━━━━━ Dataset records

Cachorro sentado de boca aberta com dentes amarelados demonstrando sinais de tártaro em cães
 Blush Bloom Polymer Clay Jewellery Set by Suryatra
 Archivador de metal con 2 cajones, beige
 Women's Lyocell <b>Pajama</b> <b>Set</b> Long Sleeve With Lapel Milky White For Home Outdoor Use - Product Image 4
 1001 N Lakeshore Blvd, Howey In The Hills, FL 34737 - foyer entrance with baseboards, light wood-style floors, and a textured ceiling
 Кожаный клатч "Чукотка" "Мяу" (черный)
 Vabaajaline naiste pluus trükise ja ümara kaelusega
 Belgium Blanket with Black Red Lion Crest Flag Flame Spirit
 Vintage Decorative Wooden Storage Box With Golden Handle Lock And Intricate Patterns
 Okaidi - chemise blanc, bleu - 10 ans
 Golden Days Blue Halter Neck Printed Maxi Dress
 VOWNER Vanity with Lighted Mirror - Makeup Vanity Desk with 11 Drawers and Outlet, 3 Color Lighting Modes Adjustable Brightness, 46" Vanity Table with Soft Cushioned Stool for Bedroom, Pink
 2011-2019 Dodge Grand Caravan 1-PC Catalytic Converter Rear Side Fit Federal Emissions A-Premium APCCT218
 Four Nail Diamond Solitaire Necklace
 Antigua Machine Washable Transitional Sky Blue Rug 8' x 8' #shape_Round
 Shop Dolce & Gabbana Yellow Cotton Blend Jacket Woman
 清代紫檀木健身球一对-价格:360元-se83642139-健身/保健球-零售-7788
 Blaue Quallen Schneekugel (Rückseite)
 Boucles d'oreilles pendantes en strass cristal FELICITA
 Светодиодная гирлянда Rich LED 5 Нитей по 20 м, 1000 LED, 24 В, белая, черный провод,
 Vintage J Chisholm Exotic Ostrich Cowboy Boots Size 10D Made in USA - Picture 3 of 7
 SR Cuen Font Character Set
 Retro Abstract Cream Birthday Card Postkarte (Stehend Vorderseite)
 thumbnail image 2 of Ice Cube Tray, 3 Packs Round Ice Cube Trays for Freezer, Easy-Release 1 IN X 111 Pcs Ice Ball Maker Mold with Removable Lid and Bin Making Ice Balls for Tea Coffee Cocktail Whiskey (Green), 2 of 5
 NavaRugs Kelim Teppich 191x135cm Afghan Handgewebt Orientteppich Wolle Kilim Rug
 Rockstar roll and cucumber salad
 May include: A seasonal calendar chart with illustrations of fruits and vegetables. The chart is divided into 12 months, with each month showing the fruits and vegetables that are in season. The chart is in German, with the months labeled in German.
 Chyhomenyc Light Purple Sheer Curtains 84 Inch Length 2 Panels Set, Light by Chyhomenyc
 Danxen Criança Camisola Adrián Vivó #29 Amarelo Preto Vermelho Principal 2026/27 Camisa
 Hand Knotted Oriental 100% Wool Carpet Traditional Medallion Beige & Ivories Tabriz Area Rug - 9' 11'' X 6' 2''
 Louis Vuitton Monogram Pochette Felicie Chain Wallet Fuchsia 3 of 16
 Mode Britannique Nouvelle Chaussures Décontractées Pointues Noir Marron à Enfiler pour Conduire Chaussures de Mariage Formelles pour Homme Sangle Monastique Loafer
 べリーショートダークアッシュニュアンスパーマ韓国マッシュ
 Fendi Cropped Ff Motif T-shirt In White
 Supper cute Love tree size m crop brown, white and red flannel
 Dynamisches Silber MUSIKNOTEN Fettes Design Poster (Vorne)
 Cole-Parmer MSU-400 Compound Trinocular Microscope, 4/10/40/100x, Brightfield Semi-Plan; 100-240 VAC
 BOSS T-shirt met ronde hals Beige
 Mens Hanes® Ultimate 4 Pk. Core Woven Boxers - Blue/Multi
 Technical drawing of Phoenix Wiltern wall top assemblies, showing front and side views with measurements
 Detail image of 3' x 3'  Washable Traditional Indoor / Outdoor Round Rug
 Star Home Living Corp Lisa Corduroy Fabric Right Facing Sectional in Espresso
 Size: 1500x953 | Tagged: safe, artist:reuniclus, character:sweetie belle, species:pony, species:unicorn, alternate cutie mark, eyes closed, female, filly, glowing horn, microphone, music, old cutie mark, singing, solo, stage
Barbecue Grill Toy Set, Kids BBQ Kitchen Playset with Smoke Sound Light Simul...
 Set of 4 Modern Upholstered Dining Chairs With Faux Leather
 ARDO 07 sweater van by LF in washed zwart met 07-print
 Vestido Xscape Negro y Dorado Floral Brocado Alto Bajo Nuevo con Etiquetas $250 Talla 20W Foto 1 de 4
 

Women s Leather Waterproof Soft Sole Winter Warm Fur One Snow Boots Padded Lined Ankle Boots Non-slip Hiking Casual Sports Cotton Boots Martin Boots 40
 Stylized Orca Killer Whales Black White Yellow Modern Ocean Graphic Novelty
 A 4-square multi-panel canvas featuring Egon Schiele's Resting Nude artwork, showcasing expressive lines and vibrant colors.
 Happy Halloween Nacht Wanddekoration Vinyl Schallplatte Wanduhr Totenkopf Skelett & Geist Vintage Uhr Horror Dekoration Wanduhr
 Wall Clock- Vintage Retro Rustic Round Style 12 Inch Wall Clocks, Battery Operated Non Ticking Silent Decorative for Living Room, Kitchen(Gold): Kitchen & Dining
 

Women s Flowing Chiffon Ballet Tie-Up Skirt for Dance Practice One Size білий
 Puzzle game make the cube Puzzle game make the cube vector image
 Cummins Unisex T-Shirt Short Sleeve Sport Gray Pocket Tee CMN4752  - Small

━━━━━━━━━━

#### [Task requirements]
All of the material above should be printed again exactly as it is.

#### [Exercise solution]
Cachorro sentado de boca aberta com dentes amarelados demonstrando sinais de tártaro em cães
 Blush Bloom Polymer Clay Jewellery Set by Suryatra
 Archivador de metal con 2 cajones, beige
 Women's Lyocell <b>Pajama</b> <b>Set</b> Long Sleeve With Lapel Milky White For Home Outdoor Use - Product Image 4
 1001 N Lakeshore Blvd, Howey In The Hills, FL 34737 - foyer entrance with baseboards, light wood-style floors, and a textured ceiling
 Кожаный клатч "Чукотка" "Мяу" (черный)
 Vabaajaline naiste pluus trükise ja ümara kaelusega
 Belgium Blanket with Black Red Lion Crest Flag Flame Spirit
 Vintage Decorative Wooden Storage Box With Golden Handle Lock And Intricate Patterns
 Okaidi - chemise blanc, bleu - 10 ans
 Golden Days Blue Halter Neck Printed Maxi Dress
 VOWNER Vanity with Lighted Mirror - Makeup Vanity Desk with 11 Drawers and Outlet, 3 Color Lighting Modes Adjustable Brightness, 46" Vanity Table with Soft Cushioned Stool for Bedroom, Pink
 2011-2019 Dodge Grand Caravan 1-PC Catalytic Converter Rear Side Fit Federal Emissions A-Premium APCCT218
 Four Nail Diamond Solitaire Necklace
 Antigua Machine Washable Transitional Sky Blue Rug 8' x 8' #shape_Round
 Shop Dolce & Gabbana Yellow Cotton Blend Jacket Woman
 清代紫檀木健身球一对-价格:360元-se83642139-健身/保健球-零售-7788
 Blaue Quallen Schneekugel (Rückseite)
 Boucles d'oreilles pendantes en strass cristal FELICITA
 Светодиодная гирлянда Rich LED 5 Нитей по 20 м, 1000 LED, 24 В, белая, черный провод,
 Vintage J Chisholm Exotic Ostrich Cowboy Boots Size 10D Made in USA - Picture 3 of 7
 SR Cuen Font Character Set
 Retro Abstract Cream Birthday Card Postkarte (Stehend Vorderseite)
 thumbnail image 2 of Ice Cube Tray, 3 Packs Round Ice Cube Trays for Freezer, Easy-Release 1 IN X 111 Pcs Ice Ball Maker Mold with Removable Lid and Bin Making Ice Balls for Tea Coffee Cocktail Whiskey (Green), 2 of 5
 NavaRugs Kelim Teppich 191x135cm Afghan Handgewebt Orientteppich Wolle Kilim Rug
 Rockstar roll and cucumber salad
 May include: A seasonal calendar chart with illustrations of fruits and vegetables. The chart is divided into 12 months, with each month showing the fruits and vegetables that are in season. The chart is in German, with the months labeled in German.
 Chyhomenyc Light Purple Sheer Curtains 84 Inch Length 2 Panels Set, Light by Chyhomenyc
 Danxen Criança Camisola Adrián Vivó #29 Amarelo Preto Vermelho Principal 2026/27 Camisa
 Hand Knotted Oriental 100% Wool Carpet Traditional Medallion Beige & Ivories Tabriz Area Rug - 9' 11'' X 6' 2''
 Louis Vuitton Monogram Pochette Felicie Chain Wallet Fuchsia 3 of 16
 Mode Britannique Nouvelle Chaussures Décontractées Pointues Noir Marron à Enfiler pour Conduire Chaussures de Mariage Formelles pour Homme Sangle Monastique Loafer
 べリーショートダークアッシュニュアンスパーマ韓国マッシュ
 Fendi Cropped Ff Motif T-shirt In White
 Supper cute Love tree size m crop brown, white and red flannel
 Dynamisches Silber MUSIKNOTEN Fettes Design Poster (Vorne)
 Cole-Parmer MSU-400 Compound Trinocular Microscope, 4/10/40/100x, Brightfield Semi-Plan; 100-240 VAC
 BOSS T-shirt met ronde hals Beige
 Mens Hanes® Ultimate 4 Pk. Core Woven Boxers - Blue/Multi
 Technical drawing of Phoenix Wiltern wall top assemblies, showing front and side views with measurements
 Detail image of 3' x 3'  Washable Traditional Indoor / Outdoor Round Rug
 Star Home Living Corp Lisa Corduroy Fabric Right Facing Sectional in Espresso
 Size: 1500x953 | Tagged: safe, artist:reuniclus, character:sweetie belle, species:pony, species:unicorn, alternate cutie mark, eyes closed, female, filly, glowing horn, microphone, music, old cutie mark, singing, solo, stage
Barbecue Grill Toy Set, Kids BBQ Kitchen Playset with Smoke Sound Light Simul...
 Set of 4 Modern Upholstered Dining Chairs With Faux Leather
 ARDO 07 sweater van by LF in washed zwart met 07-print
 Vestido Xscape Negro y Dorado Floral Brocado Alto Bajo Nuevo con Etiquetas $250 Talla 20W Foto 1 de 4
 

Women s Leather Waterproof Soft Sole Winter Warm Fur One Snow Boots Padded Lined Ankle Boots Non-slip Hiking Casual Sports Cotton Boots Martin Boots 40
 Stylized Orca Killer Whales Black White Yellow Modern Ocean Graphic Novelty
 A 4-square multi-panel canvas featuring Egon Schiele's Resting Nude artwork, showcasing expressive lines and vibrant colors.
 Happy Halloween Nacht Wanddekoration Vinyl Schallplatte Wanduhr Totenkopf Skelett & Geist Vintage Uhr Horror Dekoration Wanduhr
 Wall Clock- Vintage Retro Rustic Round Style 12 Inch Wall Clocks, Battery Operated Non Ticking Silent Decorative for Living Room, Kitchen(Gold): Kitchen & Dining
 

Women s Flowing Chiffon Ballet Tie-Up Skirt for Dance Practice One Size білий
 Puzzle game make the cube Puzzle game make the cube vector image
 Cummins Unisex T-Shirt Short Sleeve Sport Gray Pocket Tee CMN4752  - Small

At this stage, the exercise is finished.